* _The task_
Reproduce the full listing as it stands. Images do not belong in the copy.

* _Provided data_
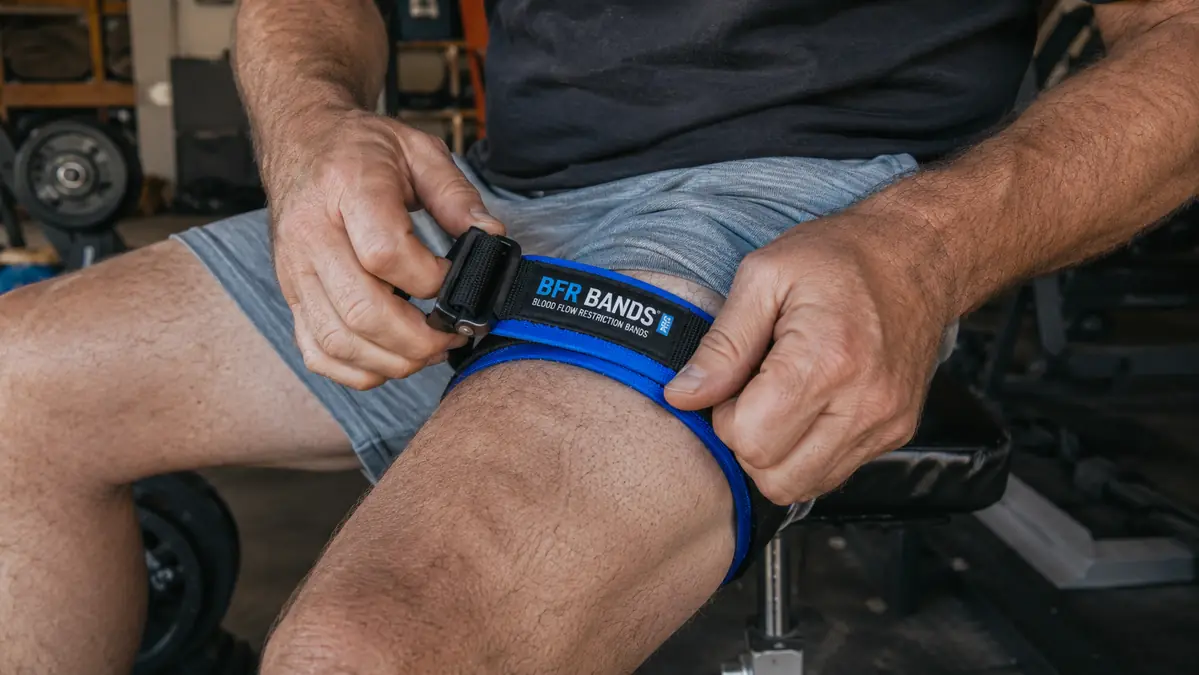 Close-up of BFR occlusion bands being wrapped around a man's upper thigh before a light leg workout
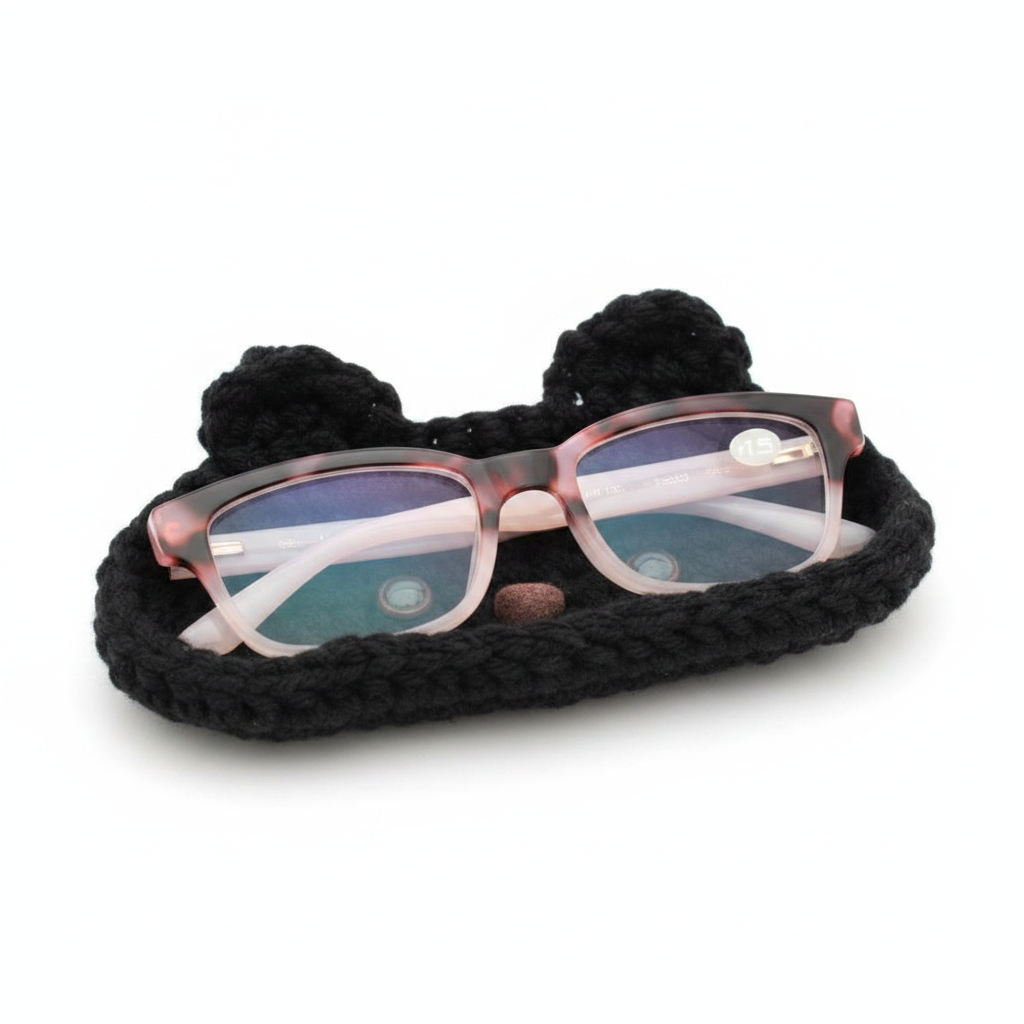 Handcrafted black crochet cat eyeglasses holder with pink tortoiseshell glasses on a clean white background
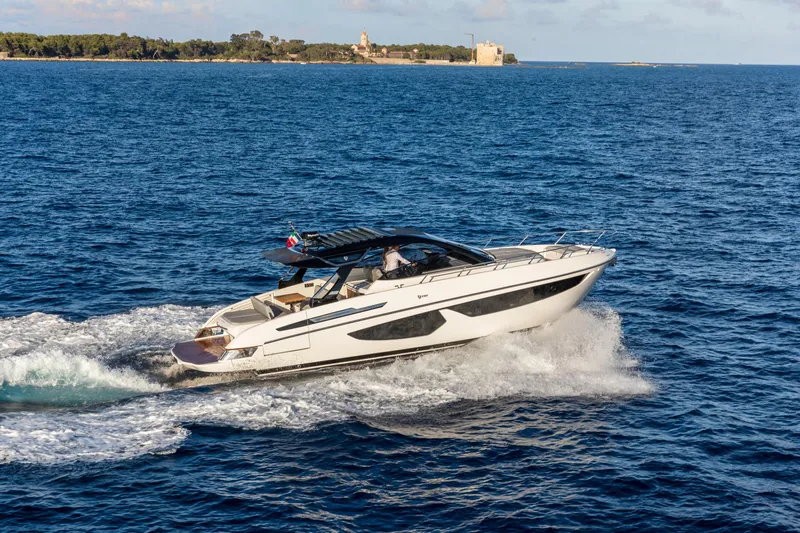  Yacht Photos Pics 2026 FIM 440 Regina yacht cruising on open sea with scenic coastline.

* _Response area_
 Close-up of BFR occlusion bands being wrapped around a man's upper thigh before a light leg workout
 Handcrafted black crochet cat eyeglasses holder with pink tortoiseshell glasses on a clean white background
  Yacht Photos Pics 2026 FIM 440 Regina yacht cruising on open sea with scenic coastline.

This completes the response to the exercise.